In hindsight, it’s easy to see how Annihilation Absolute missed its intended audience. The “featuring Twisted Sister‘s A.J. Pero” likely turned off legions of discerning metal fans who had enough of Sister‘s cheesy drag queen schtick. Add the fuck-tastically bad cover art and nondescript band moniker and doom was almost certain (compounding these significant missteps, this was confusingly released in both EP and LP formats a year apart). Shite marketing aside, this is great album and it sounds as good now as it did then and proudly bears the style all the “retro-bands” have so desperately tried to replicate and co-opt as their own. These guys should have been the big New York hit instead of Twisted fucking Sister, so if you REALLY wanna rock, buy this right now.
The band Cities had a lot going against them in 1986. For starters, theirname doesn’t exactly scream “Heavy Metal.” 1986 was also a time when a lot of American metal bands had been signed to major labels and Cities was stuck on Metal Blade. The most notable thing about them was their drummer, A.J. Pero, who used to be in (and would be in again) Twisted Sister. I remember a lot of people, including myself, who steered clear of Annihilation Absolute because they didn’t want to hear “We’re Not Gonna Take It” or “I Wanna Rock” for the millionth time. Wow, what a colossal mistake. This album is NOTHING like Twisted Sister. Cities was in the Metal Church /Savatage/ Armored Saint camp. Heavy, hook-filled riffs, a solid rhythm section (who thought Pero could play this aggressively?) and some great mid-range, powerful vocals from singer Ron Angell. Guitarist Steve Mironovich may not have been the most technically proficient axe slinger of his day, but he really let it all hang out on his solos. Just listen to him rip up the fret board during the extended solo beginning at the 4:01 mark of “Shades of Black.” They don’t write songs like that anymore. The rest of the album is full of pounding riffs from the opener “Stop the Race,” which features a memorable screamed chorus, to the closer, “Deceiver,” easily one of the best tracks on the album. There are NO BALLADS! “Cruel Sea” is the closest thing to a ballad on the album. All the band did was slow down the tempo from mid-paced, the tempo used on the majority of the album, while retaining all the heaviness.

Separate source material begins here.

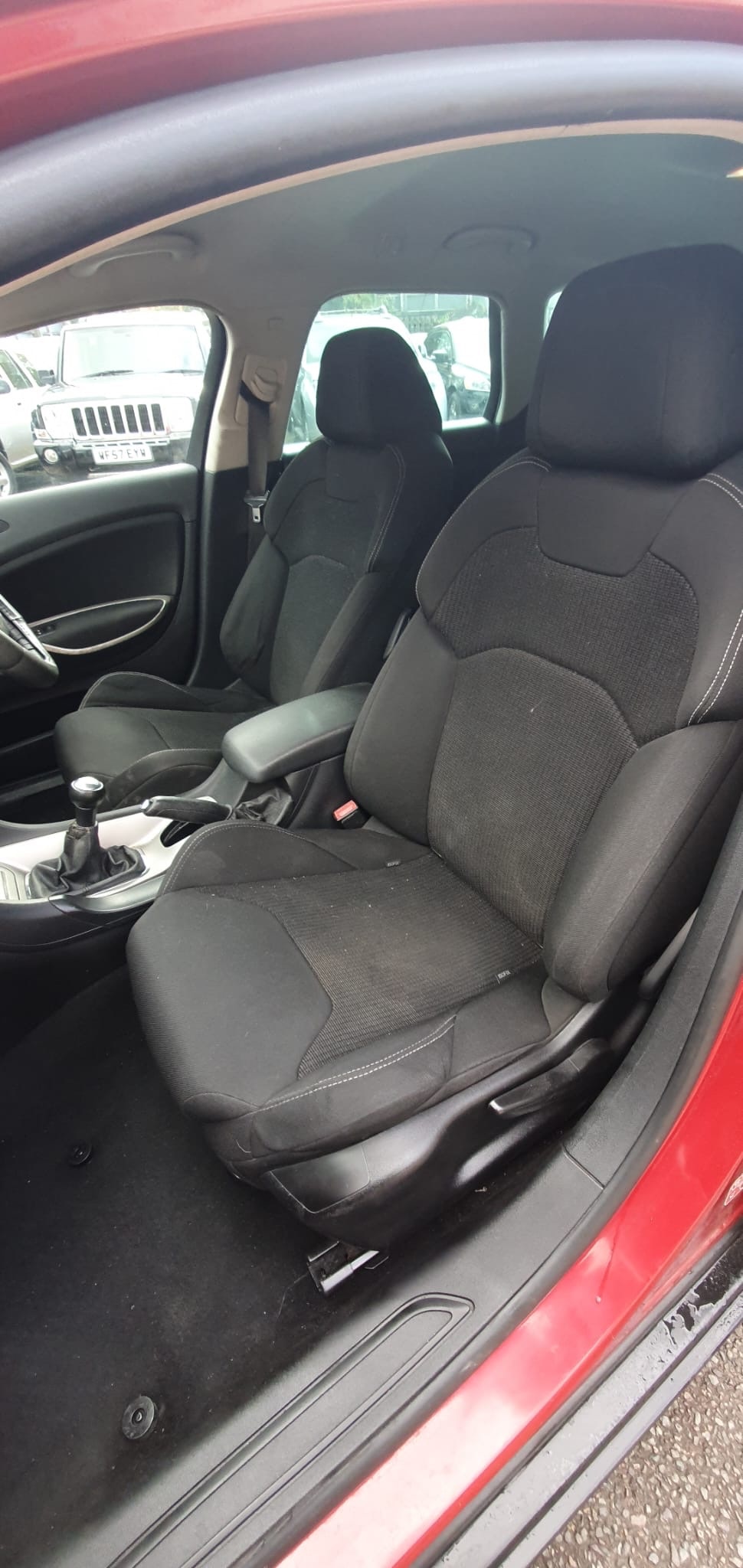 Used Citroen C5 2010 for sale - 76353439: Photo 11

Cities found a winning formula on Annihilation Absolute and worked it to near perfection. Recommended.
Shades Of Black , Deceiver (2 songs for you to listen)
Doesn’t Deserve To Be Forgotten – 85%
This NYC band really deserved better than to be submerged on a tiny label. They were incredibly good. Much like Jag Panzer, Liege Lord, and Laaz Rockit, Cities delivered traditional metal songs with an energy level and sound bordering on thrash, and whats more they wrote seriously ass kicking songs! Singer Ron Angell could have been big news in a more commercially oriented band with his clear, pleasing throat, whilst guitarist Steve Mironovich possessed a sound equally adept at tough rhythms and fiery, economical soloing. In The Still Of The Night (with its Maiden-like gallop) and Burn Forever are the finest cuts on hand, although Fight For Your Life and Innocent Victim certainly have their charms as well. A nice and tight production job, squishes all elements into a bristling and compressed picture, and with material this good delivered this well, it baffles me why Cities never flourished. Okay, their band name was kinda dumb, but still.